After nearly two months of standstill due to the Covid-19 pandemic, villagers from Me Tri trade village are returning to their traditional job of making com or young glutinous rice as Covid-19 restrictions have been eased.
Visitors who come to the village these days will hear the familiar sounds of the rice mills, the pounding of the pestles, and the laughter of the young rice artisans.
Com or young rice is a specialty of Hanoi whenever the Autumn comes to town. The century-old trade has been practiced by the people of Vong Village in Dich Vong Hau Ward, Cau Giay District, and Me Tri Village in Me Tri Ward, Nam Tu Liem District.
The Hanoi specialty is only produced twice a year, each time lasting around two months, after the Spring and Summer rice harvests. The spring young rice season generally falls in late March to early May, while the Summer season lasts from October to late November.
Local farmers said that the young rice that is produced in late Autumn in Hanoi is the most fragrant and delicious.
As Autumn approaching, local villagers buy rice from surrounding villages to make com.
Making com is very hard and meticulous work. Firstly, good rice is selected, then thrashed, sieved, and washed in large washers to eliminate the thin grains that float on the surface. Then, the rice is dried in a large iron pan over a wood fire. After that, com is pounded by machines.
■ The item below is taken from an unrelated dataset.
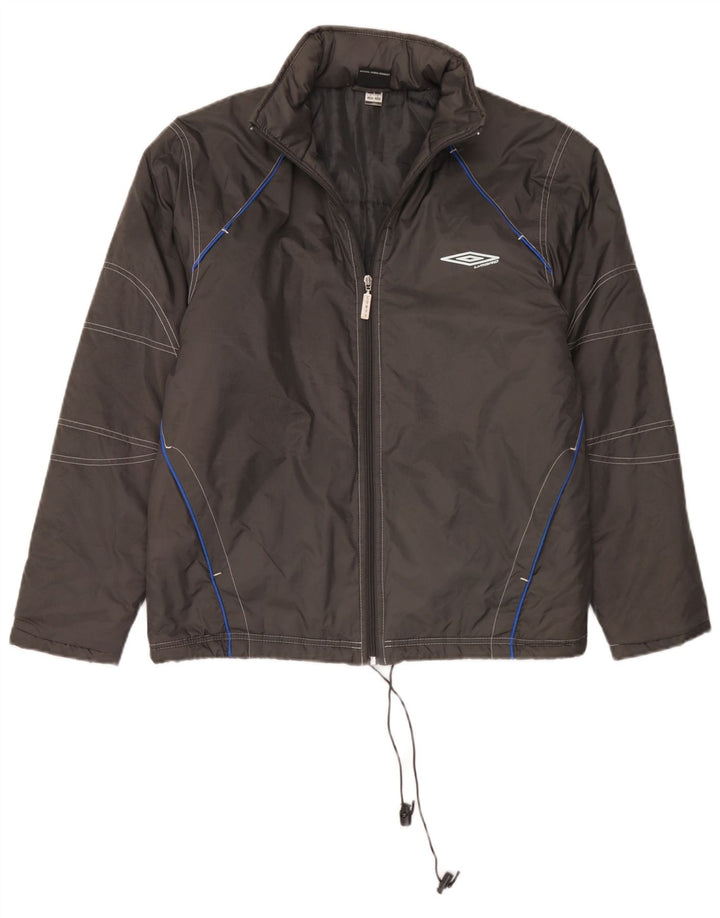 Umbro Herre hættepolstret jakke UK 36 Small Grå Nylon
The glutinous rice suitable for the elaboration of the specialty must be the one that is about to ripen and still contains the rice milk and is fragrant.
Huu Sy - an owner of a production facility in Me Tri shared that in order to make delicious and fragrant young rice, the raw material must be carefully chosen. The glutinous rice must be the Nep cai Hoa vang or special round-grain glutinous rice.
"It must be roasted over a wood fire with proper heat so that the grain still retains its green color, fragrant, chewy, and tasty,” Sy said.
From every ten kilograms of sticky rice, only about two kilograms of young rice are made.
Nowadays, the process of pounding rice is done by machine, which greatly reduces the time and effort of the artisans.
Each household in Me Tri village can produce 70 tons of young rice per crop.
Through many ups and downs of history, the traditionally renowned craft of making young rice in Me Tri Ward, Nam Tu Liem District, Hanoi is still well preserved and developed.